> WORK TO BE COMPLETED: Begin at the line containing "Хэтчбек Daewoo Matiz 2007 в Харькове" in the entries below and end at the line containing "376 Sora Boulevard"; transcribe that range exactly and nothing outside it.

> RECORDS FOR THIS EXERCISE:
------------------------

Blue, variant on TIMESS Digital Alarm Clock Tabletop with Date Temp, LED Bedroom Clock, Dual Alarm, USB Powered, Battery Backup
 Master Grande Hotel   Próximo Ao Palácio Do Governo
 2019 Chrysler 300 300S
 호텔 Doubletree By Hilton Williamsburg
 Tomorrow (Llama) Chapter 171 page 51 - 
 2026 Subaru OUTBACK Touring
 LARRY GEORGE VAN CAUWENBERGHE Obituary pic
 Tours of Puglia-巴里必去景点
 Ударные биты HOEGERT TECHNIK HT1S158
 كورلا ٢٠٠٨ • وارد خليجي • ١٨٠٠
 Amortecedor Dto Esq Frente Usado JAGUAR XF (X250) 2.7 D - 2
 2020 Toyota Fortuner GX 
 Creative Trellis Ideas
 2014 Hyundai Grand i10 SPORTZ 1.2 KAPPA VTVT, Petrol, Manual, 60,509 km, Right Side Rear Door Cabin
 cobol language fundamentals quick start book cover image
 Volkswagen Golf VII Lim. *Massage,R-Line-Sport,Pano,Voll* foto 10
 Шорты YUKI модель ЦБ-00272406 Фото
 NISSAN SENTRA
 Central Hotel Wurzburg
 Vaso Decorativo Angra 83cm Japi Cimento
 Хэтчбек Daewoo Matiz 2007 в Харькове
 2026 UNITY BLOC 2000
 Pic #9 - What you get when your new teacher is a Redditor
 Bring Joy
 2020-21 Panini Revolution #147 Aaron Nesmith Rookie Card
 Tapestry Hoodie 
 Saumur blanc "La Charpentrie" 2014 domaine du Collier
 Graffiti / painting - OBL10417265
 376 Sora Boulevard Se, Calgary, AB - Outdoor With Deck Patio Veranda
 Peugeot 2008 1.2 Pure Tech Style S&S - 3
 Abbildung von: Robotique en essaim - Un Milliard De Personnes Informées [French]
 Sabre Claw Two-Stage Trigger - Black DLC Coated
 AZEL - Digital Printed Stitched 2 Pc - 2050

------------------------

> TASK OUTPUT:
 Хэтчбек Daewoo Matiz 2007 в Харькове
 2026 UNITY BLOC 2000
 Pic #9 - What you get when your new teacher is a Redditor
 Bring Joy
 2020-21 Panini Revolution #147 Aaron Nesmith Rookie Card
 Tapestry Hoodie 
 Saumur blanc "La Charpentrie" 2014 domaine du Collier
 Graffiti / painting - OBL10417265
 376 Sora Boulevard Se, Calgary, AB - Outdoor With Deck Patio Veranda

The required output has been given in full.